Dhillon was born in El Centro, California to Punjabi parents. He received a Bachelor of Arts degree in psychology from California State University, Sacramento, a Master of Arts in psychology from the University of California, San Diego, and a Juris Doctor from the UC Berkeley School of Law.

== Career ==
From 1990 to 1997, Dhillon served as an Assistant U.S. Attorney in Los Angeles, where he prosecuted major narcotics cases. Dhillon was appointed to the United States Department of Justice's Organized Crime Drug Enforcement Task Force. As part of the task force, he coordinated with federal, state, and local law enforcement agencies to direct investigations of violent gangs and major narcotics trafficking organizations.

Following his time in California, Dhillon served as a senior investigative counsel for the United States House Committee on Oversight and Reform from 1997 to 1998, and the policy director for the House Republican Policy Committee in 2002. In 2003, he served as chief counsel and deputy staff director of the United States House Committee on Homeland Security.

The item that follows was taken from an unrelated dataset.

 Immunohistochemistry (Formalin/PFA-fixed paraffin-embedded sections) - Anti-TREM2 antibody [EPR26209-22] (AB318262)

In 2006, Dhillon became the first director of the Office of Counternarcotics Enforcement at the United States Department of Homeland Security.

Dhillon worked with President Donald Trump as deputy counsel and deputy assistant to the president. In 2018, Dhillon was appointed as the acting administrator of the Drug Enforcement Administration. He resigned his position to take another DOJ role in May 2020.

In July 2020, Dhillon was selected to serve as the director of Interpol's Washington, D.C. Bureau.